In other words, is it legitimate to expect an exact theory of quantum gravity for limited regions of spacetime - or at least for those with the null boundaries of some kind? The answer can be Yes and No. But I have some problems to understand what the Yes answer could mean.

After all, whenever you deal with density matrices (or with tracing over some degrees of freedom, which is a mundane way to obtain density matrices), you talk about situations with incomplete knowledge. A density matrix is no "objective state of affairs". It is a description of the system you're interested in - one in which you assume a certain kind of "ignorance" about everything else.

If you're only interested in a smaller system - e.g. events in a spacetime region - you're always allowed to ignore the rest. So a density matrix for this region calculated from a pure (or mixed) state of a bigger spacetime does the same job.

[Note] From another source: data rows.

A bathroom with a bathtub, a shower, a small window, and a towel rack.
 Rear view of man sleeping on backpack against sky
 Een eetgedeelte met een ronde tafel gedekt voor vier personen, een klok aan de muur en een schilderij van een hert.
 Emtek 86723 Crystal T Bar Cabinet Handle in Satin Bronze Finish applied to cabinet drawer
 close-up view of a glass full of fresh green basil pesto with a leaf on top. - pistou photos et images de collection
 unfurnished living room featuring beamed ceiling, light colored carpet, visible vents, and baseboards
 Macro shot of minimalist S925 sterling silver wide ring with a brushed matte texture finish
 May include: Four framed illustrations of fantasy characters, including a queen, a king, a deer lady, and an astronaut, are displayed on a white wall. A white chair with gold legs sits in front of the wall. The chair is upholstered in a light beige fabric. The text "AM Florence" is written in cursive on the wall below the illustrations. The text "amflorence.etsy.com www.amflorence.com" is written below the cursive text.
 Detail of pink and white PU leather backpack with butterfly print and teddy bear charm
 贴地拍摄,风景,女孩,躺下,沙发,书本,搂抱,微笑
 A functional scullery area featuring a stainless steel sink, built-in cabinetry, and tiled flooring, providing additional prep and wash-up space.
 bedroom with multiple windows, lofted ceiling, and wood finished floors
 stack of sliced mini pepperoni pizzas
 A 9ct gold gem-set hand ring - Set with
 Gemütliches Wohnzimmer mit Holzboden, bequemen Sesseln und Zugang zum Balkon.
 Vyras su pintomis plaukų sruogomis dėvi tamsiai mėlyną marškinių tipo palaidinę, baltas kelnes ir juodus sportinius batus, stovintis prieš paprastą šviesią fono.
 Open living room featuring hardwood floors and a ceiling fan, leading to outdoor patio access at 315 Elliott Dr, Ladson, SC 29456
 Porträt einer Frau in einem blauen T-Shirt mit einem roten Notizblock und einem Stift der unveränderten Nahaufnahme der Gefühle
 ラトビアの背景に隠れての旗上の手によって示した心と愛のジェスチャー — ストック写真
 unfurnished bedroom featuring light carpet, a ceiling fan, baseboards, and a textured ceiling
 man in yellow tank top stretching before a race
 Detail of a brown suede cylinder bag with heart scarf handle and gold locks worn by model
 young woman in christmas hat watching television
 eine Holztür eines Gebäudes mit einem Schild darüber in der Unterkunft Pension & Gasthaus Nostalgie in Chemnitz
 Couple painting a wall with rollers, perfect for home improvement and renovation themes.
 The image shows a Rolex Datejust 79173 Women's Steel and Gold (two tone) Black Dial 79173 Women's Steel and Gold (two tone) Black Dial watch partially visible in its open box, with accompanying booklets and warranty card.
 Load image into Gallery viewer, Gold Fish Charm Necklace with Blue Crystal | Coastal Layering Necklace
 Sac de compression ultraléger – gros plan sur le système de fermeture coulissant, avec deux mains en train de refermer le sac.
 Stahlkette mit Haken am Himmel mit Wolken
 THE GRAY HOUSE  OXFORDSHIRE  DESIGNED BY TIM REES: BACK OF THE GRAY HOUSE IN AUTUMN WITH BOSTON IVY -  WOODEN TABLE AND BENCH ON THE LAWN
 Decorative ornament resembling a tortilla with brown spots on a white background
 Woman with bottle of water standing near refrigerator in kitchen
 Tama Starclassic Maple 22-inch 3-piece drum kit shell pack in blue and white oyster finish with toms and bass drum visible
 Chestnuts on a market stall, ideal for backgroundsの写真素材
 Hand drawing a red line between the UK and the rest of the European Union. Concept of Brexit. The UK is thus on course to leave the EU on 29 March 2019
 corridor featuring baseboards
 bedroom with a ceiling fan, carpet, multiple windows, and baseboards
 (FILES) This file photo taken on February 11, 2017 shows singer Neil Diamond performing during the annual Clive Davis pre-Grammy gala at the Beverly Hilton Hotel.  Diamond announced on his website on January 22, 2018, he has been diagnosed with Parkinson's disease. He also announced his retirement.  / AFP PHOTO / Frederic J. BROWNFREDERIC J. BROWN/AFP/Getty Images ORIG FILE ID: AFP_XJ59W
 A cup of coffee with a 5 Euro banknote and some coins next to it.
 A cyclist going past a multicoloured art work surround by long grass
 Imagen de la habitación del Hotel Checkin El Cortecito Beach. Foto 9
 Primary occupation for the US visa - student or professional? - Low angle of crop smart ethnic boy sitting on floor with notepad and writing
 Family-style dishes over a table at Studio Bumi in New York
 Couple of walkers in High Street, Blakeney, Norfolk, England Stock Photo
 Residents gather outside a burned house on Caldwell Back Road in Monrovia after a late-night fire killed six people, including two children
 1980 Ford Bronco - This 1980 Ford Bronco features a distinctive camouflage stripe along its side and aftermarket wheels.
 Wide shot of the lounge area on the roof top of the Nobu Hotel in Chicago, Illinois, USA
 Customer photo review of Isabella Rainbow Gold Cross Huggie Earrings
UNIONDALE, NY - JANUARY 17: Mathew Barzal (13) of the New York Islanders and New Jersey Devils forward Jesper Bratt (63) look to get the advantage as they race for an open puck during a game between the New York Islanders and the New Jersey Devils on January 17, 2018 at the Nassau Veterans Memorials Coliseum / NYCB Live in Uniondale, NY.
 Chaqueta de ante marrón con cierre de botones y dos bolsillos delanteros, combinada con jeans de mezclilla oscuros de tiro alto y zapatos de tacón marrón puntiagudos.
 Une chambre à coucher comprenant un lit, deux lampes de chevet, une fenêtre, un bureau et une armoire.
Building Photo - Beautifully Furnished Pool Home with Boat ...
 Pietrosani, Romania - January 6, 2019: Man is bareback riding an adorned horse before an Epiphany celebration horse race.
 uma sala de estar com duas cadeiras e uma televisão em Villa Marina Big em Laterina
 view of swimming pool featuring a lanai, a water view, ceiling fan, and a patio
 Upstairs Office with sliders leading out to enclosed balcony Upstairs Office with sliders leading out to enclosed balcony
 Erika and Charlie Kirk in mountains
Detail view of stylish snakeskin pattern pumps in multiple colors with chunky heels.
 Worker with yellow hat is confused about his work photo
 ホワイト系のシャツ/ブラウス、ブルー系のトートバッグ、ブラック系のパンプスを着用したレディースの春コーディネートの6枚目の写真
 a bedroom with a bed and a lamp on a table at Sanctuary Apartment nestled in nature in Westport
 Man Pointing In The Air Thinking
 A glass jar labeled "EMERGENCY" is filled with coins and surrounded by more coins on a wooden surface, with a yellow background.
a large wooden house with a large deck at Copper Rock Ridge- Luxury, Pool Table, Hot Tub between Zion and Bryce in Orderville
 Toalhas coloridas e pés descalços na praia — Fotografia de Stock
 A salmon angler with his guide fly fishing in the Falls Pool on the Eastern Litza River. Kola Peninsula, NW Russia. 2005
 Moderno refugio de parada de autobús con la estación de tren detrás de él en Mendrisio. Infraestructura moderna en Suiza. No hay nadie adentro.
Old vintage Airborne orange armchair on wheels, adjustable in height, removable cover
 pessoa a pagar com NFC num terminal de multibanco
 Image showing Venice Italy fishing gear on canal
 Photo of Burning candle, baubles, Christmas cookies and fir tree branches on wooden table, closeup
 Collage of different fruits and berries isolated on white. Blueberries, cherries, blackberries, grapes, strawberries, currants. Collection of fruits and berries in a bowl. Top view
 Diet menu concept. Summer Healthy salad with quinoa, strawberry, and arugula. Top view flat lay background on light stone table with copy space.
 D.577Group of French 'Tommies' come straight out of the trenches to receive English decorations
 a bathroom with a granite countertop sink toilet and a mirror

But isn't it true that you must always be able to see that the world continues even after you cross the null boundaries (either in the past, or in the future) and that your ignorance - i.e. the very reason why you used density matrices - is just your "psychological" problem (and a mathematical trick to overcome the ignorance), not an objective feature of reality?

You may slice your spacetime by lightlike slices and all physical questions depend on the way how objects get from one slice to the next one (think about the light cone gauge). The physical systems on the opposite sides of a null slice may be entangled or related but they're also slightly different, because of the evolution in the other lightlike direction. All the dynamics is hidden in this dependence on the side, so dynamics can't be just about the entanglement.

**Spacetime vs worldsheet and flops**

It seems that Mark is intrigued by similar fascinating qualitative properties of our functioning descriptions of quantum gravity and sees a similar new general story as your humble correspondent does. But I am afraid that he hasn't still managed to write down the crisp answer that could be followed to answer all the questions about the origin of spacetime, its connectedness, entanglement, complementarity, and so on. And neither have I.

Maybe David Berenstein will? He claims to be completing a super duper important paper. ;-)

There is one more point that Mark doesn't discuss: the application of these ideas to worldsheets. After all, the stringy worldsheet is a consistent (two-dimensional) theory of quantum gravity, so many statements about quantum gravity should apply to the worldsheet, too.

If you open Polchinski's book, volume I, around Figure 9.7, you will see that higher-genus Riemann surfaces can be obtained by gluing two lower-genus surfaces that are connected with a tube. The tube may be represented by the sum of insertions of a complete set of operators at both places.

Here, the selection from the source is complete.